# Happy Rush Day...



## Shiny

To all you music aficionados, may the priests praise your name on this night.


----------



## chris182

One of my all time favourite bands.


----------



## pxr5

Good one - cheers, one of my favourite bands.


----------



## Shiny

Aye, i first started getting into music when I was around 13 and i was in awe with Rush. Used to hang with a couple of older lads who were into guitar playing so Rush was the band at the time. Fell in love with 2112, Caress of Steel etc, opened my eyes to proper music.

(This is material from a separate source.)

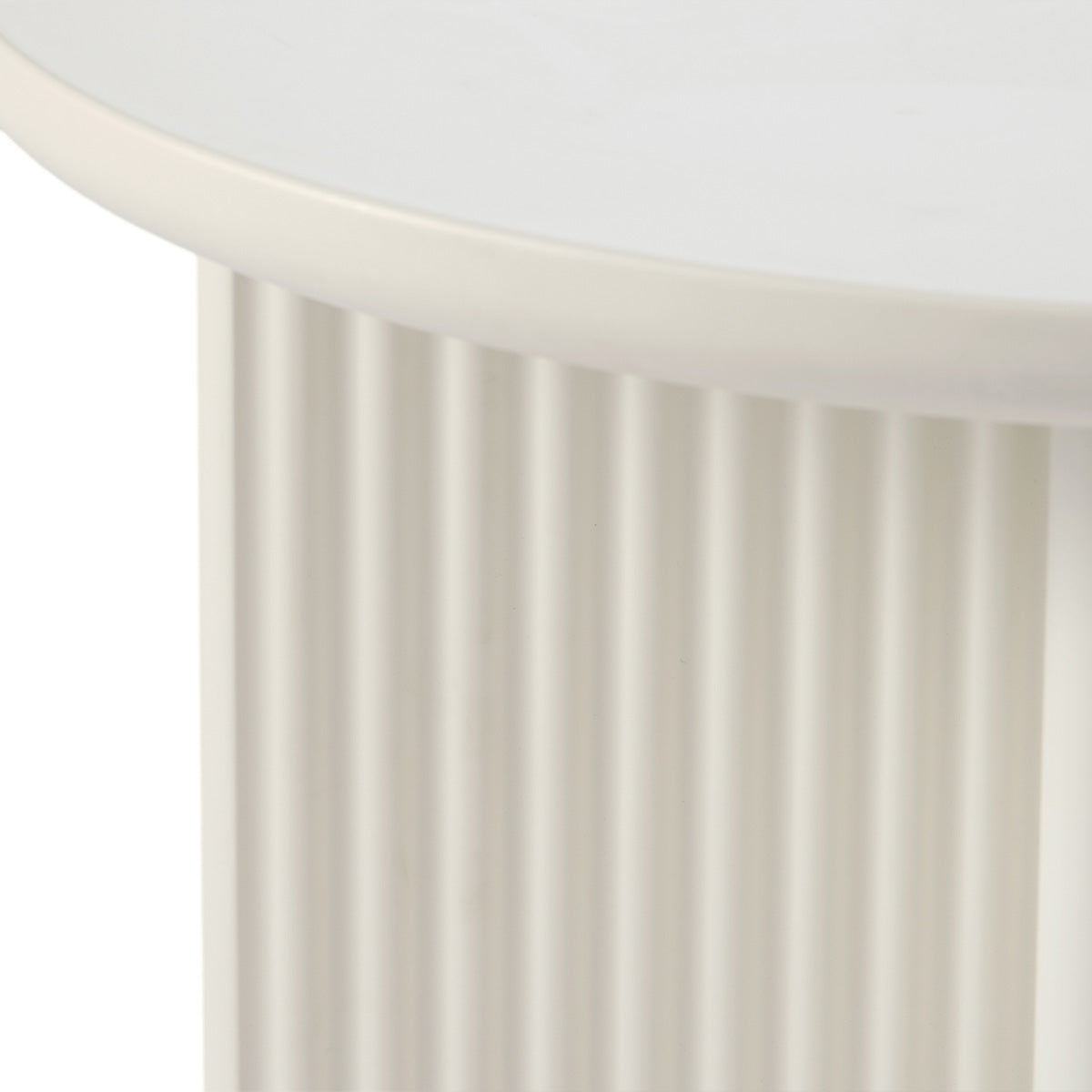 table-d-appoint-ronde-50-cm-bois-gris-clair-mirano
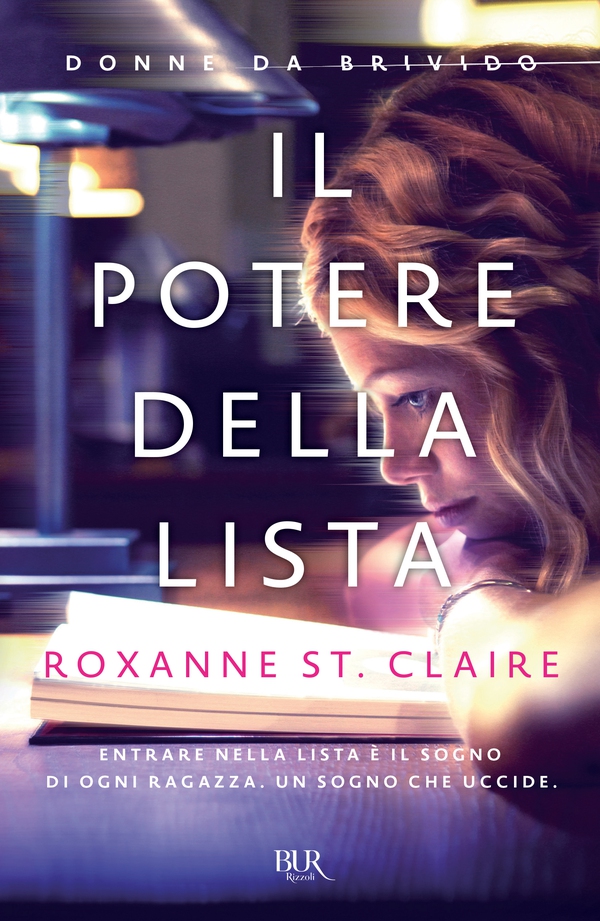Il potere della lista - Librerie.coop Il potere della lista - Librerie.coop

Didn't really get on with anything after Grace Under Pressure though.

A year later at 14 a girl i really liked at school leant me The Cure's Convert/Curiosity tape and from Heroin Face onwards I was in awe again, fell in love with Robert Smith and was opened up to a new world of alternative music - 




Discovered punk (from 70's punk to 80's anarchic Crass/Mortarhate stuff) when i was 15.

First band I saw at sweet 16 was New Model Army!

Turned 50 this year, still love 2112 as much as the first day i heard it, perhaps on a very different level, perhaps with more appreciation. I now listen to some seriously f**k'd up stuff, but 2112 is still one of my favourite pieces of music ever written.


----------



## Shiny

Devastated. RIP Neil Peart. The greatest drummer to have have set foot on earth.


----------



## pxr5

Such terribly sad news - RIP sir.


----------



## chris182

Ironic you only posted this about 3 weeks ago.

So sad to hear this.


----------



## RaceGlazer

As I posted elsewhere, if one day I could be 10% as good a drummer as Neil Peart I would be a happy man. May he rest in a cacophony of exquisite rythums, fills and solos


----------